Wishing you a winter filled with warmth and light.

Susie

So. We haven’t had any contact since (that was in December), and I couldn’t even decide whether to blog about it. My plan right now is to leave her alone until her birthday in July, and at that point mail her a card and a scarf that I’ve knitted and then leave her alone some more and see. I still feel okay about how I handled things this summer, and I know that there is a pattern in her life of relationships ending and her feeling betrayed either by that or by the circumstances leading up to that; I don’t expect that she’ll want to be in contact again in the future, and I think that that’s too bad, but I am mostly at peace with it. But I want to send a peace offering after a respectable period of time has passed.

“This Is Ocean”

Skype was great! I was nervous going in—I hadn’t seen Cricket move or speak in a year—and he looks so exactly like a four-year-old version of my husband with my mouth. (I like my lips, and am pleased to have passed them along.) He talked about scuba diving, and showed us both the signs that he’d learned in preschool (like <I’m running out of air> and <I’m going up!>) and some that he had made up—like <octopus>, which looked a lot like the ASL for <butterfly.> And <ocean>, which Nora thought that he had made up, but which actually looks like ASL. He’s a sweet, chatty kid, and he showed me his LEGO with a great deal of enthusiasm.
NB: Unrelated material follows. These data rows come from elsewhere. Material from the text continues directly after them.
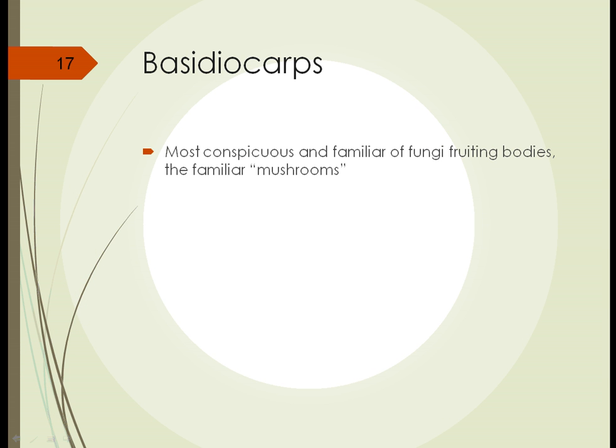The next type of fungi we're going to look at are the basidiocarps. These are the most conspicuous and familiar fungi, and they produce the most conspicuous and familiar fruiting bodies — mushrooms, bracket fungi, and things like that.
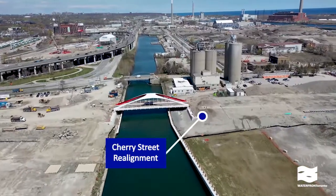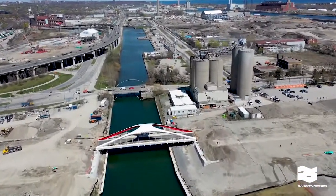To the right of the bridge, soil is being preloaded as crews work to raise the grade of the future Cherry Street.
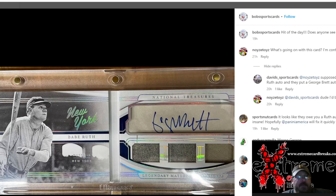So this is coming off of Instagram — Bob's Sports Cards. It says 'hit of the day' and asks, does anybody see it? As you guys can see, it's a Babe Ruth booklet with a triple relic auto. The only problem is, that's not Babe Ruth's auto. Some autograph-smart people came out and identified it: that's George Brett.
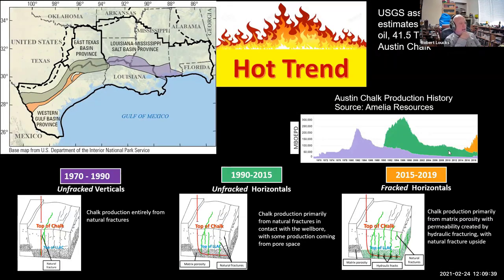We're looking at the Austin Chalk trend because it's a hot trend and an interesting one because it's had several lives already. The USGS gives an assessment estimate of 6.9 billion barrels of oil and 41.5 trillion cubic feet of gas. It started in the early 70s with drilling to intersect fractures — basically fracture production. Then we moved to horizontals from about 1990 to 2015, connecting as many fractures as possible while also recognizing we can get hydrocarbons from some of the pore networks. The most recent phase is fracked horizontals going into tighter parts of the rock.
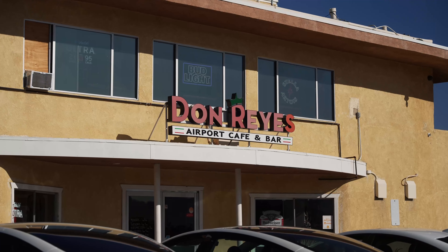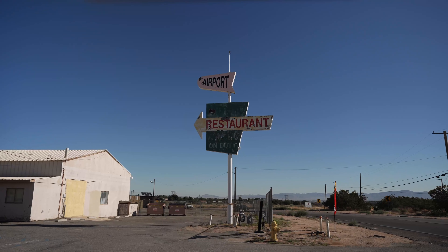We just got here to Don Reyes Airport Cafe in Hesperia, California, and let's go try some food.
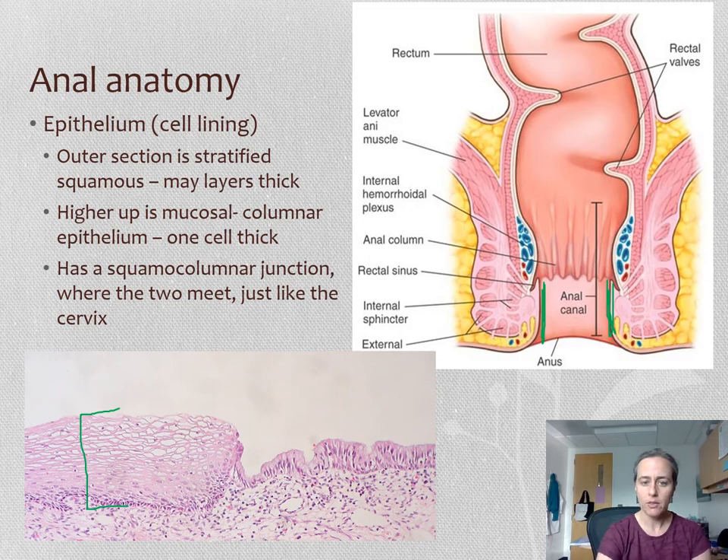Higher up, however, there is a different type of lining called columnar epithelium. You can see how thin that is — it's just one cell layer thick. That's really important to realize because that lining of the inside of the anus higher up is a lot more delicate. It's just one cell layer thick before you get to blood vessels and nerves, so it can be more easily torn.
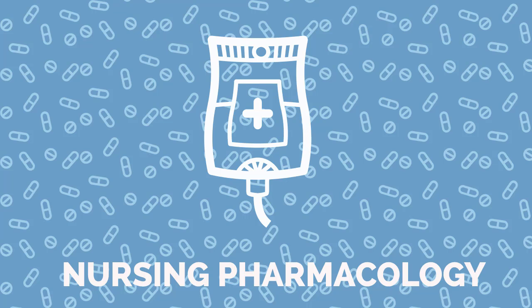Visit NRSNG.com/50meds for a free cheat sheet covering the 50 meds every nurse must know. This has been another Med Master podcast by NRSNG.com, with your host, licensed pharmacist Cody Magnuson, BS, PharmD candidate. From all of us at NRSNG, thanks for being here and happy nursing.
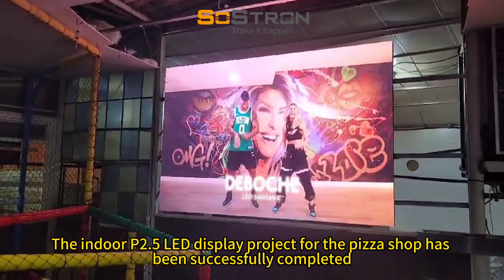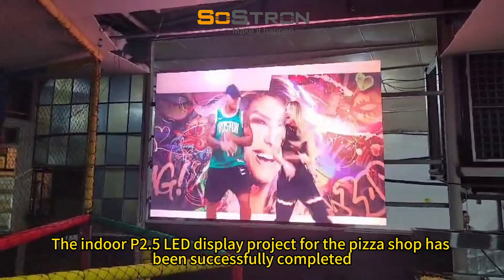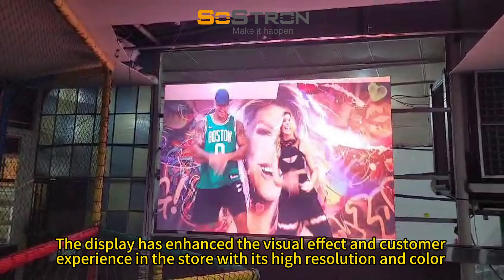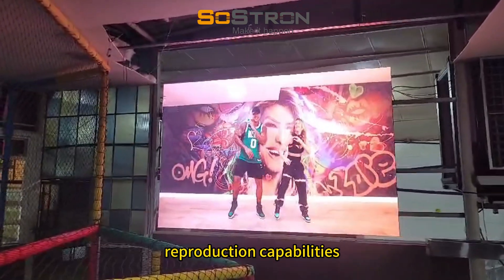The indoor P2.5 LED display project for the pizza shop has been successfully completed. The display has enhanced the visual effect and customer experience in the store with its high resolution and color reproduction capabilities.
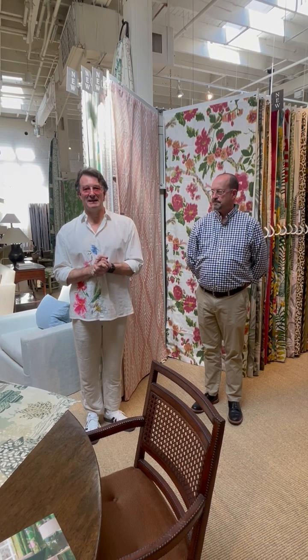Hi everybody, Michael Moore here. Welcome to the May edition of Third Thursday. I'm actually here at Shears and Window and I'm visiting with Dean McCracken.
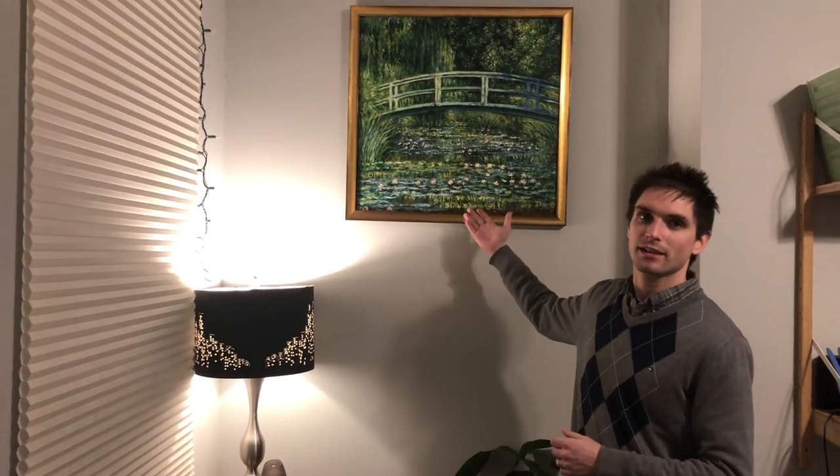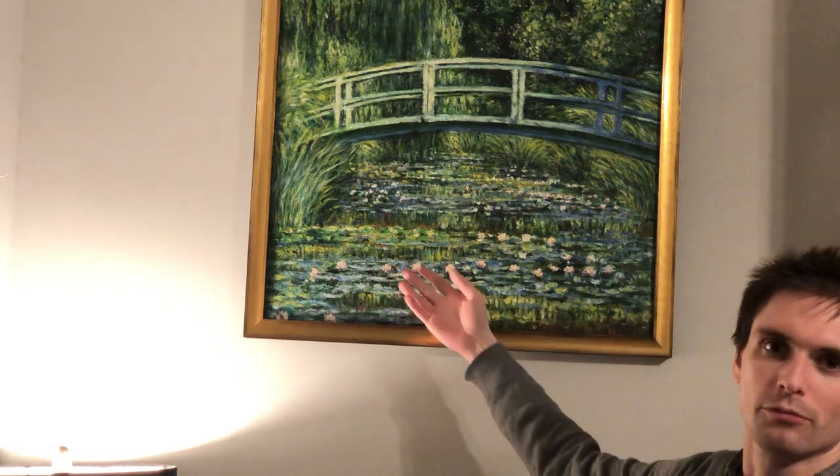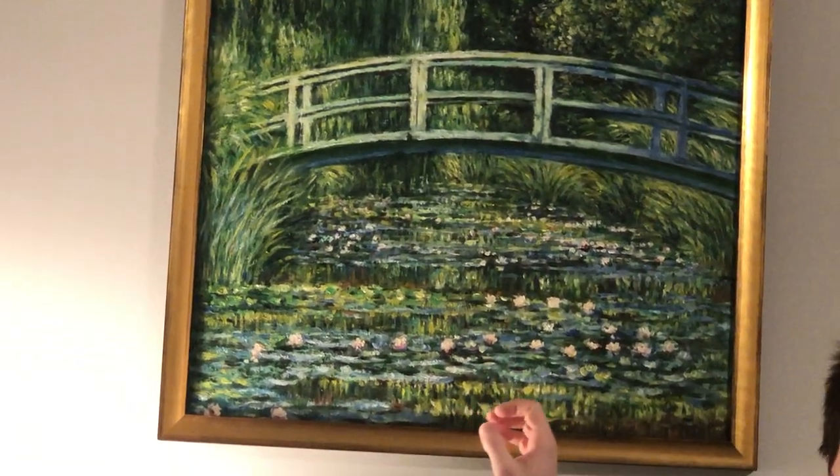Allow me to introduce this painting by Monet. As you can see, the brushstrokes are really, really detailed and fantastic. It looks very, very similar to the original.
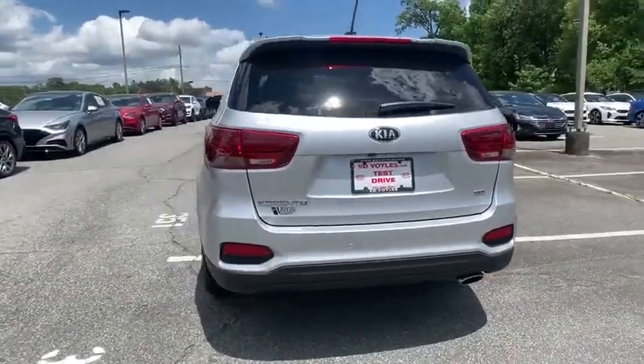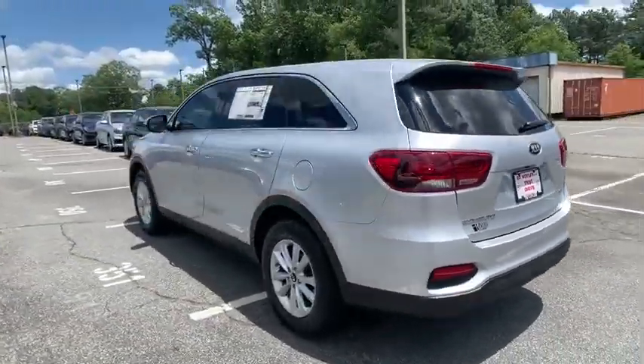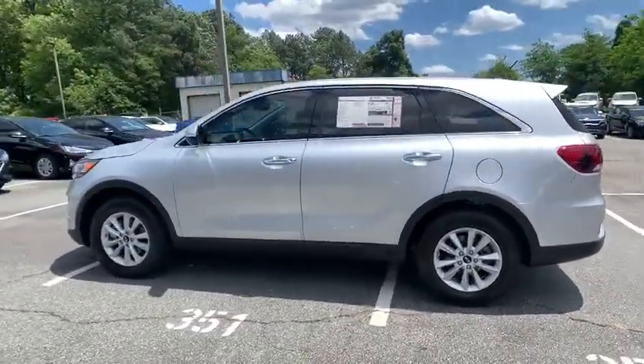Take one look at its stylish, sleek design and you'll want to cross over to a Sorento. Here are some of this vehicle's great options.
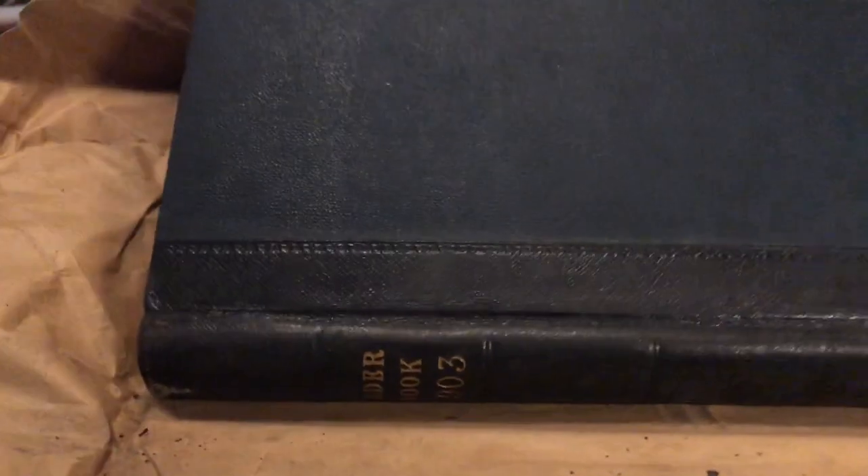One-offs, a time gone by — each year there would only be one version of this ledger. And look at the handwriting, beautiful. It looks to all be in the same hand, so it was probably the company accountant or managing director perhaps.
Kit played peekaboo with Cricket and Nora—he likes to hide and pop out while you say things like “Where’s Kit? . . . There he is!!” So they covered their asked, wondered aloud where he had gone, and then uncovered their eyes and said “Peekaboo!” and after a couple rounds of that, Kit started hiding when they covered their eyes and popping out when they said peekaboo. It was adorable. Joey was interested until he saw that his Daddy wasn’t on the monitor—after that, I kept him around with yogurt drops.

At the end, Nora said “Let’s decide to do this for sure once a month—and try to do it every couple of weeks.” So much more than I expected; I’m delighted.